COLLECTED DATA.
--------------------
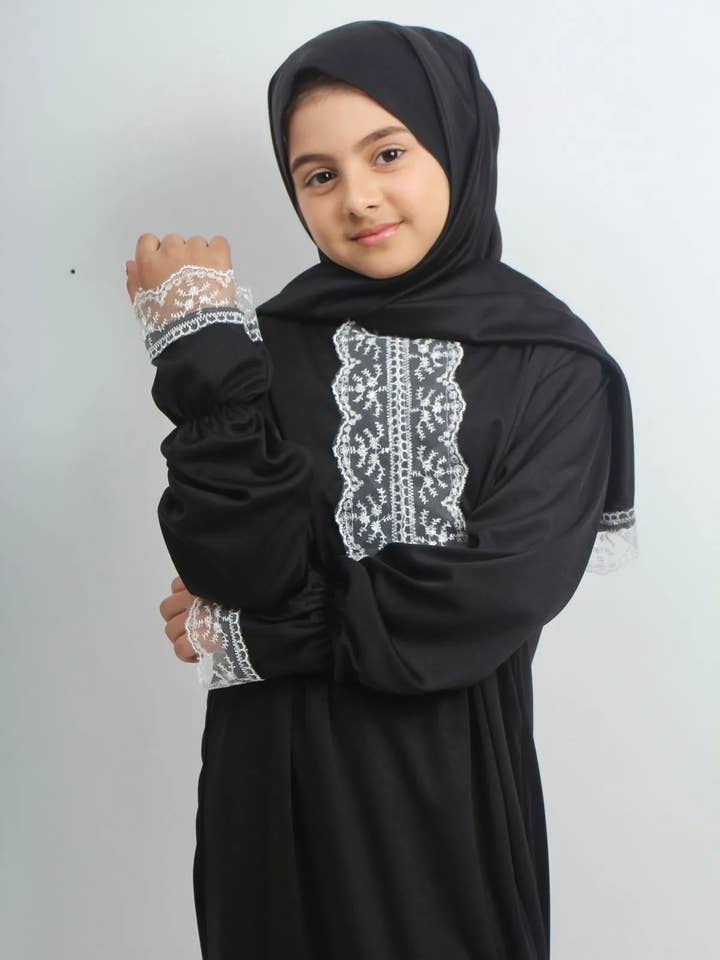 Meyran - Wholesale Dress – Kids - Kids' Elegant Prayer Abaya Dress with Embroidery2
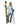 Woman wearing light blue Mammut ski jacket holding skis on snow slope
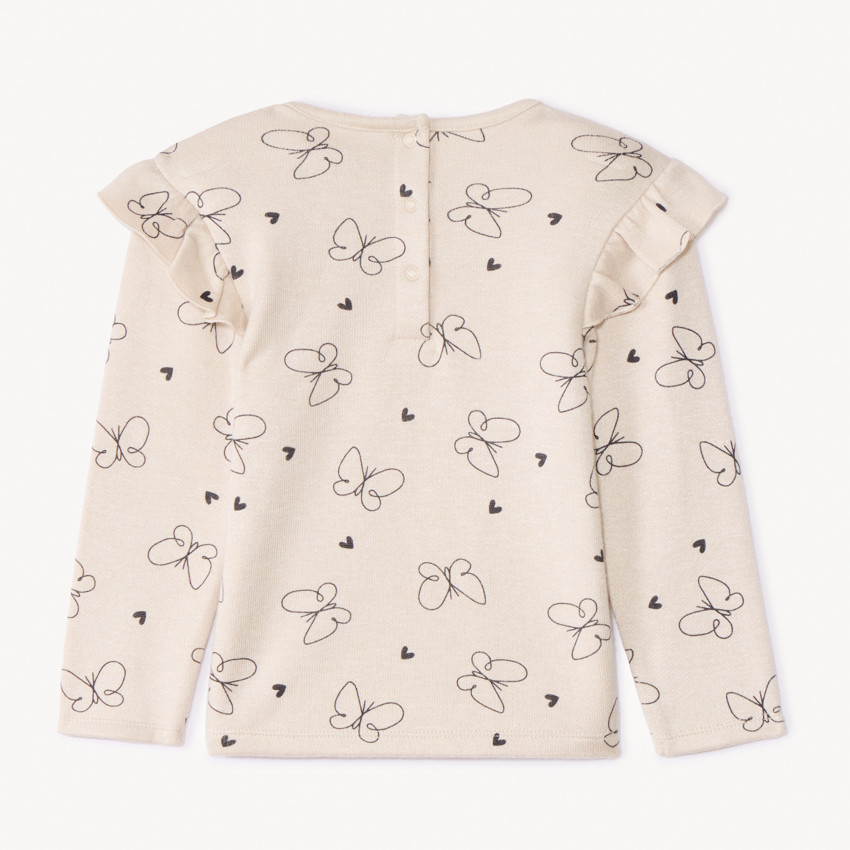 Μακρυμάνικο μπλουζάκι με βολάν για μωρό κορίτσι 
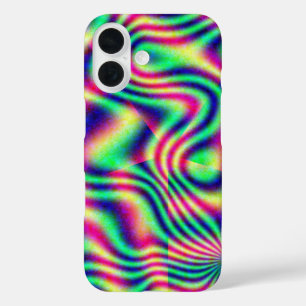 Wavy Vaporwave Retro Glow iPhone 16 Case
--------------------
WHAT NEEDS TO BE DONE.
The task calls for repeating each line above exactly while excluding the pictures.

SOLUTION TO THE PROBLEM.
 Meyran - Wholesale Dress – Kids - Kids' Elegant Prayer Abaya Dress with Embroidery2
 Woman wearing light blue Mammut ski jacket holding skis on snow slope
 Μακρυμάνικο μπλουζάκι με βολάν για μωρό κορίτσι 
 Wavy Vaporwave Retro Glow iPhone 16 Case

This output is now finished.